Da diese Form von Kindesvernachlässigung besonders häufig bei Armen vorkommt, wird mancher Leser denken, die Armut sei dran schuld und an der ist natürlich „die Gesellschaft“ schuld. Das ist Unfug. Niemand – Drogenabhängige und Alkoholiker ausgenommen – ist in Deutschland so arm, dass er seinem Kind morgens eine Tasse Milch und eine Scheibe Brot nicht bezahlen kann. Ob man morgens für seine Kinder Zeit hat oder nicht, ist keine Frage des Geldes, sondern der Liebe. Eine Tasse Kräutertee und ein paar gute Worte kann jeder erschwingen.
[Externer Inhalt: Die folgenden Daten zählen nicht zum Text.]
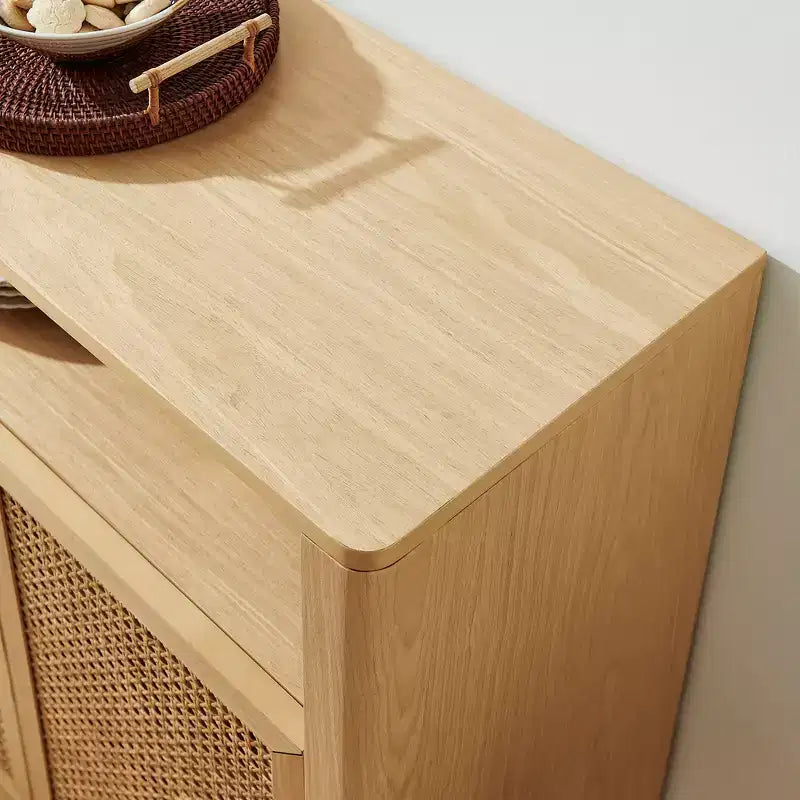 JVNOXK Credenza in rattan di metà secolo da 63 pollici con contenitore, mobile TV e coffee bar color naturale, per il soggiorno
Und nun die Reaktionen auf diese Meldung. Kostenlose Schulspeisung für alle soll das Problem lösen. Und der Staat soll zahlen. Woher aber das Geld nehmen? Ich finde, diese Reaktion ist für uns typisch und typisch daneben: alles mit Geld regeln und alles durch den Staat, und als Großaktion.

Es ist sinnvoll, über Schulspeisung zu Mittag oder auch in der Vormittagspause zu diskutieren. Aber ein Schulfrühstück vor Schulbeginn würde zwar die nötige Energiezufuhr sichern (so mechanistisch denken viele), nicht aber den Mangel an Zuwendung kompensieren.

Es sind Rabeneltern, die ihre Kinder ohne Frühstück in die Schule schicken. Sie sollten sich schämen und wenn sie das nicht tun, sollte jemand freundlich und beharrlich etwas dafür tun, dass sie sich ändern. Da sie Kinder haben, haben sie Pflichten, denn sie sind die einzigen Eltern ihrer Kinder. Es ist ja nicht schwer, herauszubekommen, welche Kinder ohne Frühstück in die Schule kommen. Es sind die ohne Pausenbrot, denn das haben diese Eltern dann auch nicht mitgegeben. Zu denen müsste man also hingehen und mit ihnen sprechen und deutlich werden, egal ob arm oder reich.

Lehrer müssten genügend Zeit für diese Art von Elternarbeit haben. Dies und nichts anderes wäre die Lösung. Alles andere sind nur Alibiveranstaltungen. Weder Geld noch Staat können den Mangel an Ethos kompensieren.